§ **MATERIAL PROVIDED**
◆ ◆ ◆ ◆ ◆ ◆ ◆
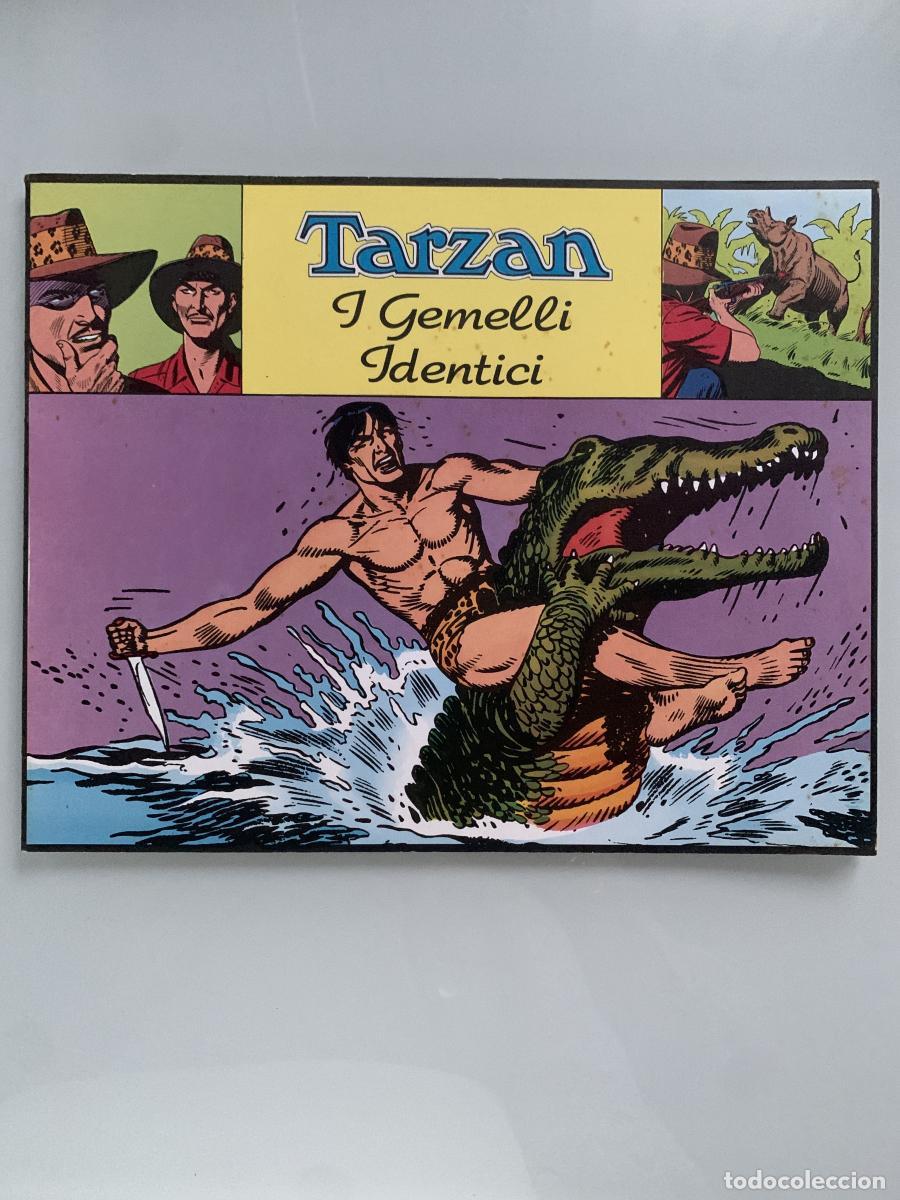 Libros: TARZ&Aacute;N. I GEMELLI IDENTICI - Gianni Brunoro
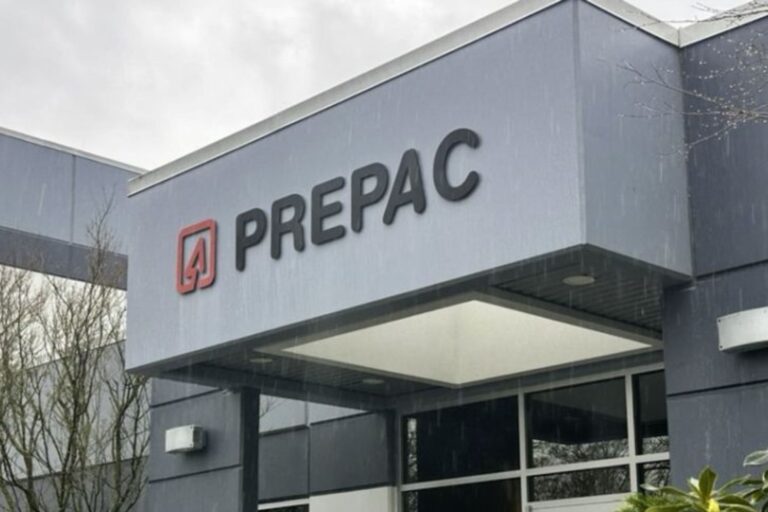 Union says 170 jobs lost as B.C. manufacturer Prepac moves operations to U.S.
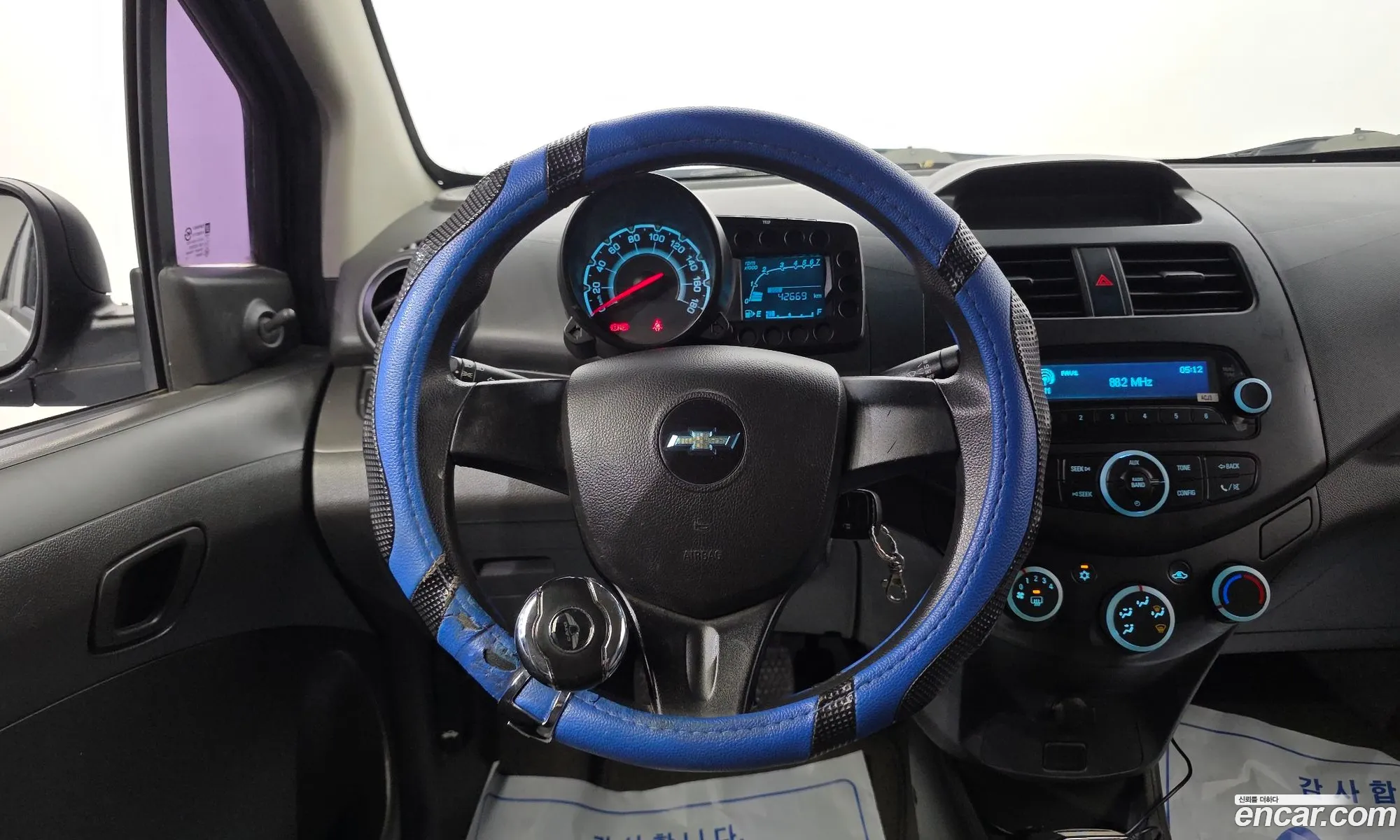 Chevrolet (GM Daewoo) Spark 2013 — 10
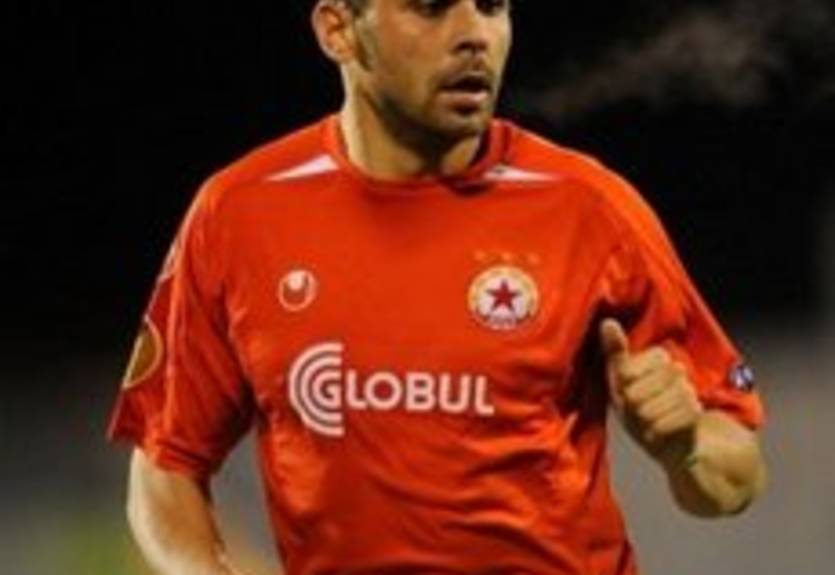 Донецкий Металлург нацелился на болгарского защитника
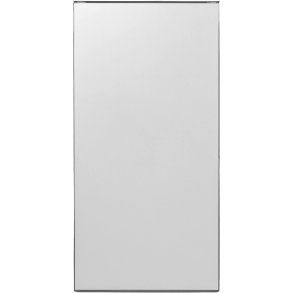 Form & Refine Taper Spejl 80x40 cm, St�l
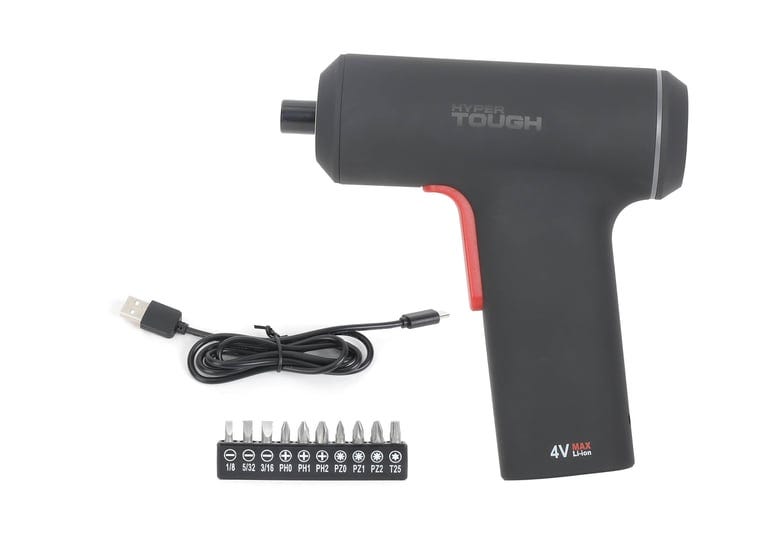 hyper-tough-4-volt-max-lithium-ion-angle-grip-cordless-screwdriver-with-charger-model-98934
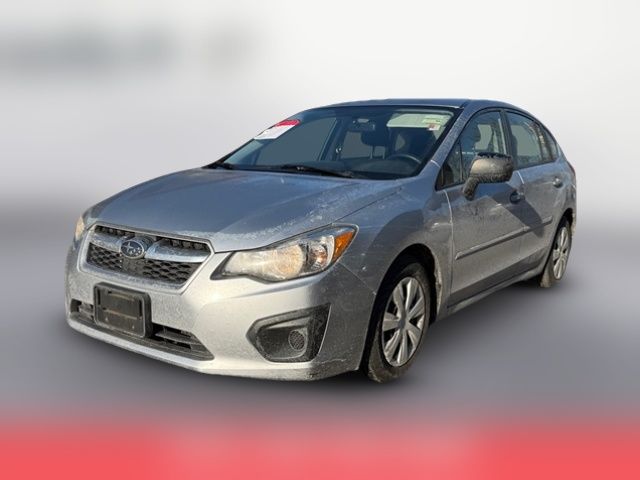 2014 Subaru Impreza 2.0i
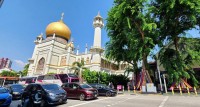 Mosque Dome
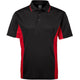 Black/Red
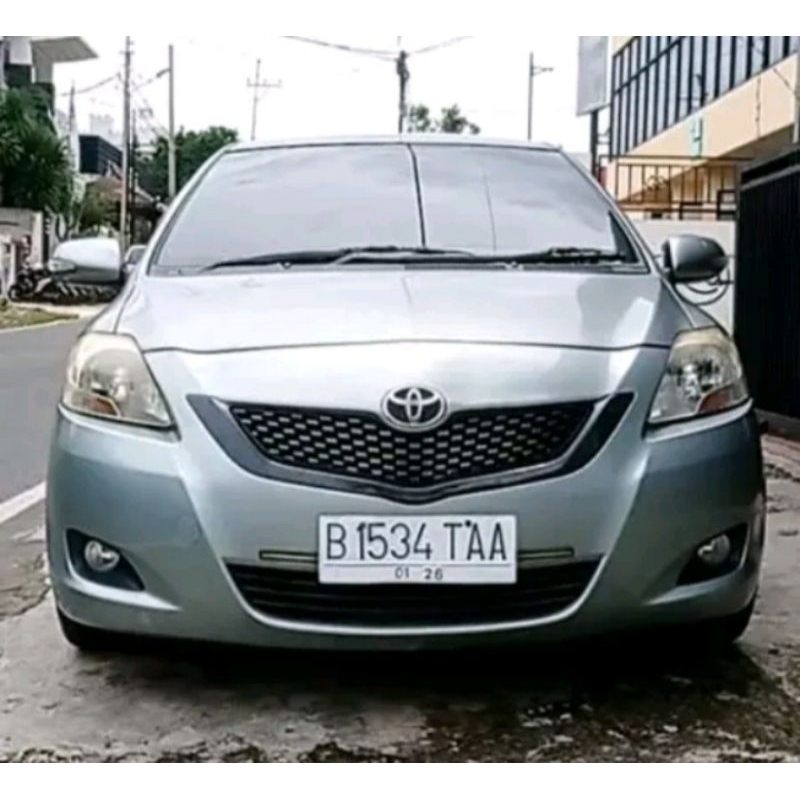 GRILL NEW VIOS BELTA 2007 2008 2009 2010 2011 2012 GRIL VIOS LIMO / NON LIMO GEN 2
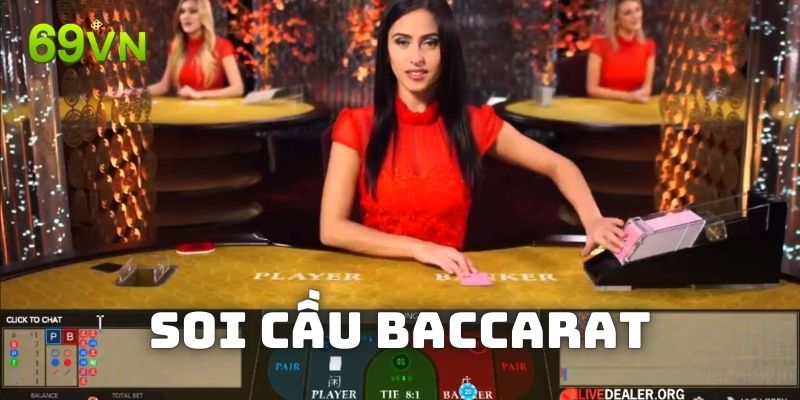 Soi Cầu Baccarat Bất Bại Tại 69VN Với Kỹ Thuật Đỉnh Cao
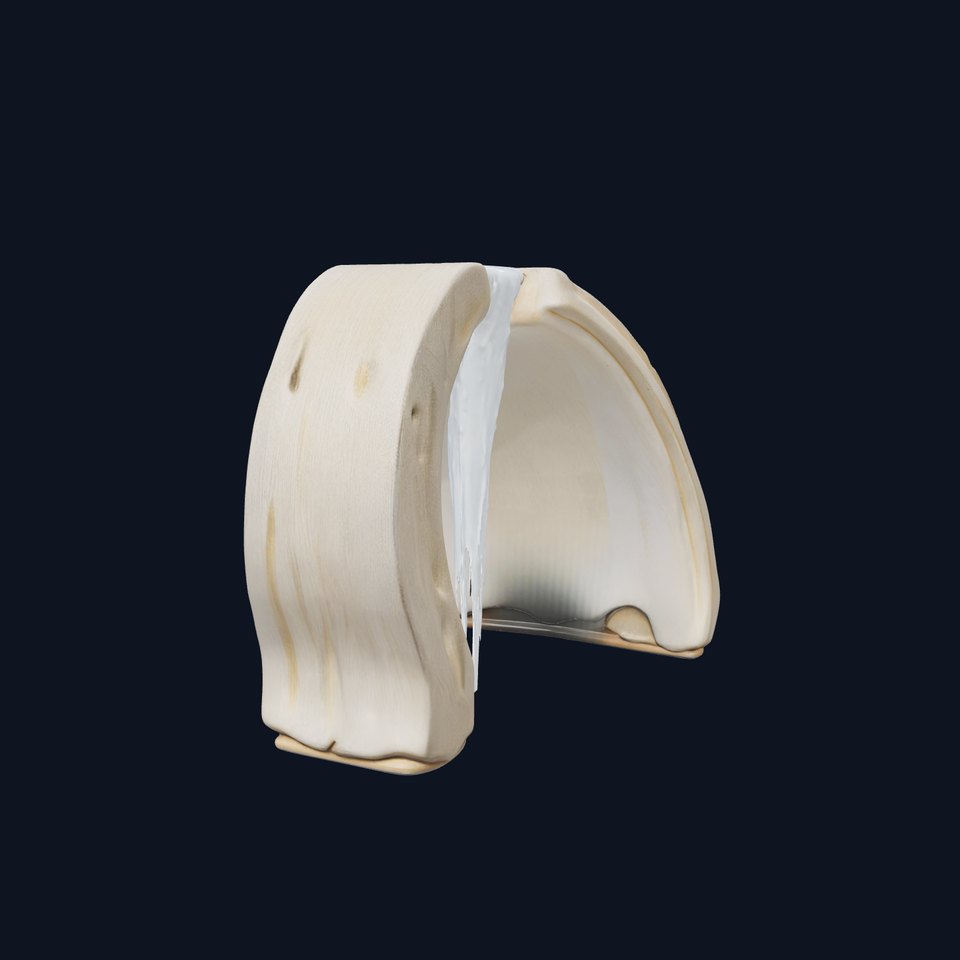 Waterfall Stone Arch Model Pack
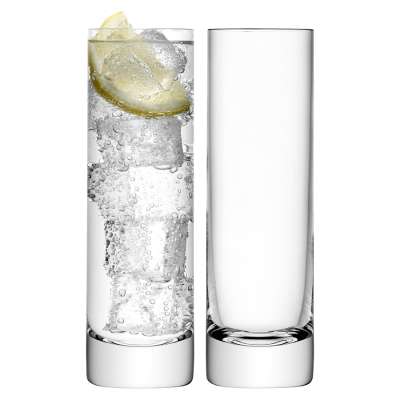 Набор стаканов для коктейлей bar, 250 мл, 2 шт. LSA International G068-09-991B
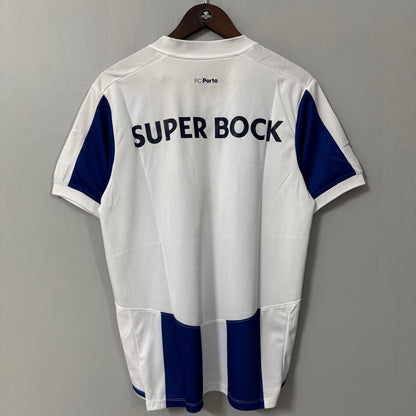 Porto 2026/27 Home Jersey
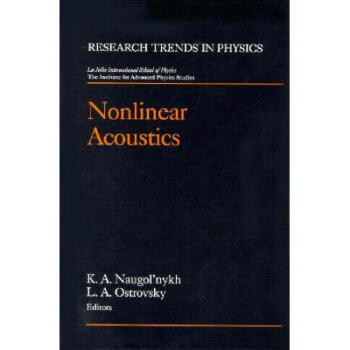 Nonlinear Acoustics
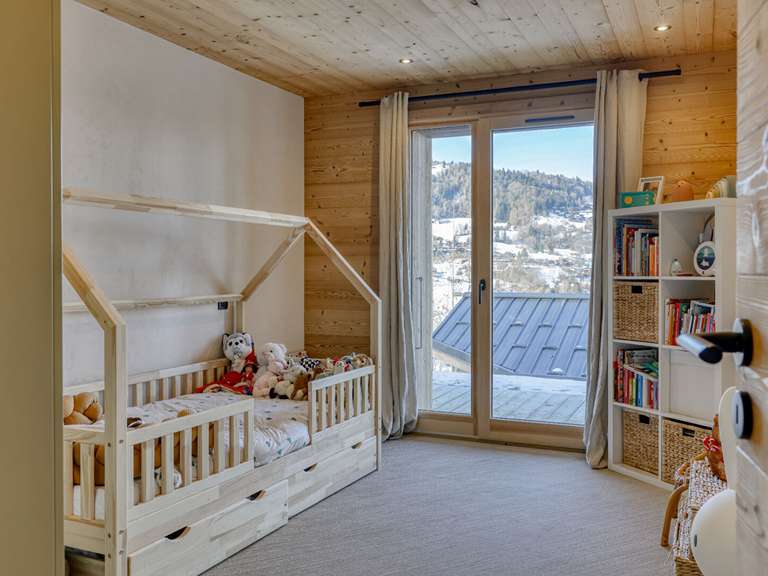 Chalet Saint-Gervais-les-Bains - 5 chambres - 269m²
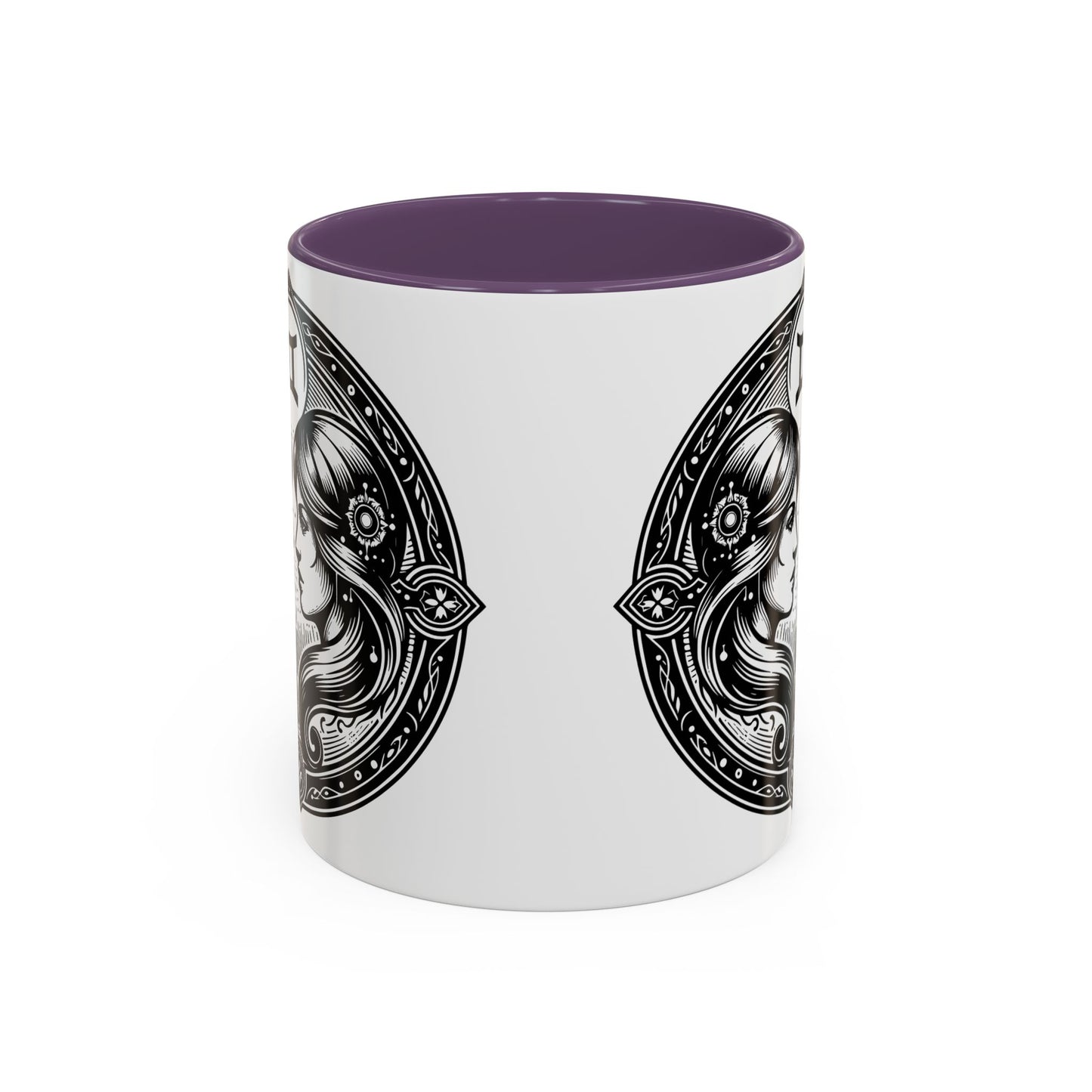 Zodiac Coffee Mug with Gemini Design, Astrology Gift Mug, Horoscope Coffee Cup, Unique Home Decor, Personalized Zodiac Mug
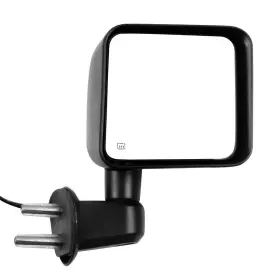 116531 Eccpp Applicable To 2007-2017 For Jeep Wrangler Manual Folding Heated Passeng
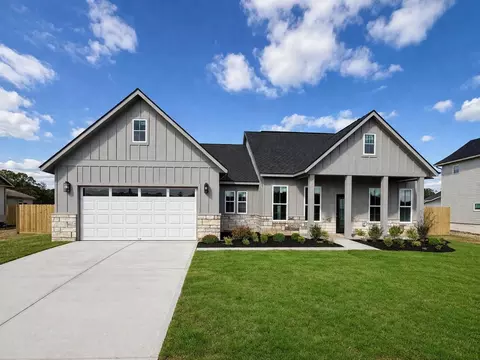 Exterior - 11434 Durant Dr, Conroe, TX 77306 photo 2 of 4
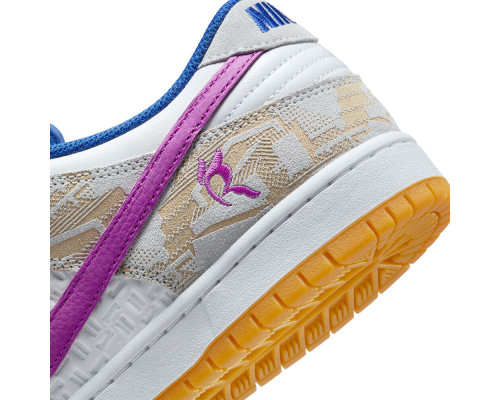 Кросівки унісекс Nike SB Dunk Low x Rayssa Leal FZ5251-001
◆ ◆ ◆ ◆ ◆ ◆ ◆
§ **ABOUT THIS TASK**
I would like an exact copy of the lines from the one holding "Waterfall Stone Arch Model Pack" through the last line of the entries above, with the pictures left out.

§ **REPLY TO THE EXERCISE**
 Waterfall Stone Arch Model Pack
 Набор стаканов для коктейлей bar, 250 мл, 2 шт. LSA International G068-09-991B
 Porto 2026/27 Home Jersey
 Nonlinear Acoustics
 Chalet Saint-Gervais-les-Bains - 5 chambres - 269m²
 Zodiac Coffee Mug with Gemini Design, Astrology Gift Mug, Horoscope Coffee Cup, Unique Home Decor, Personalized Zodiac Mug
 116531 Eccpp Applicable To 2007-2017 For Jeep Wrangler Manual Folding Heated Passeng
 Exterior - 11434 Durant Dr, Conroe, TX 77306 photo 2 of 4
 Кросівки унісекс Nike SB Dunk Low x Rayssa Leal FZ5251-001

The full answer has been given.